Sauf que Jack Torrance devient fou. Sans alcool. Et c'est là que ça devient problématique. Pour cette petite famille qui s'est mise dans une situation plutôt inconfortable, mais aussi pour le spectateur que j'étais. J'adore Stephen King et ce livre était sans doute mon préféré dans sa collection. Je m'attendais à un chef d'oeuvre, surtout avec Kubrick à la baguette, et avec Nicholson derrière la caméra.
Ce dernier n'est pas mauvais. Il est fidèle à lui-même, c'est-à-dire hors du commun. Il fait partie de ces acteurs qui évitent à un film d'être un échec. Et, effectivement, c'est ce qui arrive avec Shining. Jack Nicholson est tellement dans son rôle que c'en serait presque effrayant, tant il joue un personnage qu'il ne fait pas bon fréquenter. Mais c'est un film, et l'acteur fait ce pour quoi il est là. Il joue. Et à merveille.
Pourtant, à côté de cela, je ne trouve pas grand chose à dire pouvant améliorer le crédit de ce film. La femme et le fils de Jack, joués par Shelley Duvall et Danny Lloyd, ne correspondent absolument pas aux rôles qui leurs sont attribués. La première joue franchement faux, avec des mimiques et des rictus loin d'être naturels. Le second est dans l'excès. Certes, un film réalisé par Stanley Kubrick selon une oeuvre de Stephen King doit être excessif. Mais pas à ce point. Pas autant que ce que fait Danny Lloyd. Les (trop) nombreux moments de crise de son personnage ne font pas peur, ils ne rendent pas mal à l'aise. Parce qu'on ne peut pas croire que c'est réel. Pour faire un bon film, il faut que le spectateur s'intègre au film, qu'il y pénètre. Le jeu de ces deux acteurs rend cela impossible. La crédibilité de ces deux-là est nulle, et c'est ce qui fait que ce film n'est, pour moi, pas un bon film. Pas mauvais, pour autant. Mais pas bon.

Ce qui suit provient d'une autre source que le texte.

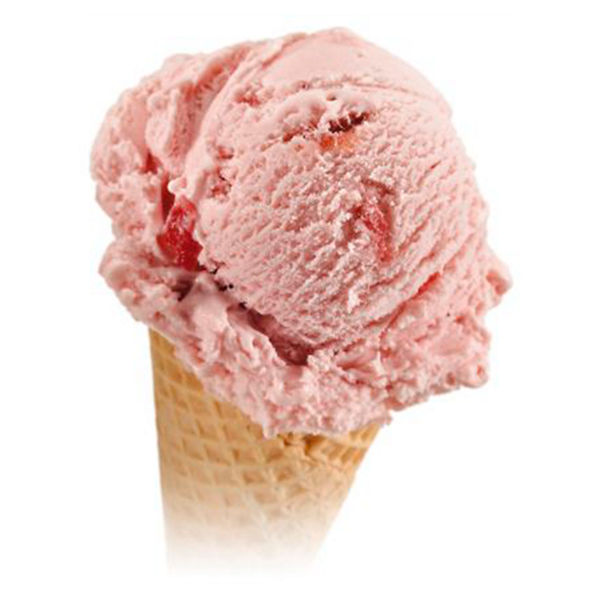 Kelly's Cornish Strawberry Ice Cream 4.5ltr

En partant du principe que la note minimale est 1, j'ajoute 2 points pour la prestation de Nicholson et 2 pour le scénario de base, qui est tout de même excellent. Mais j'enlève un point pour le reste de la famille Torrance. Le livre m'a fasciné du début à la fin. Tout l'inverse du film, que je n'ai pas trouvé à la hauteur. J'espérais pouvoir mettre un 8. C'est ce que je donnerais comme note au livre. Mais l'adaptation d'un livre est une bête difficile à prendre en main, que Stanley Kubrick n'a, sur ce film, pas su dompter. C'est une énorme déception, venant de l'un de mes réalisateurs préférés adaptant mon auteur préféré.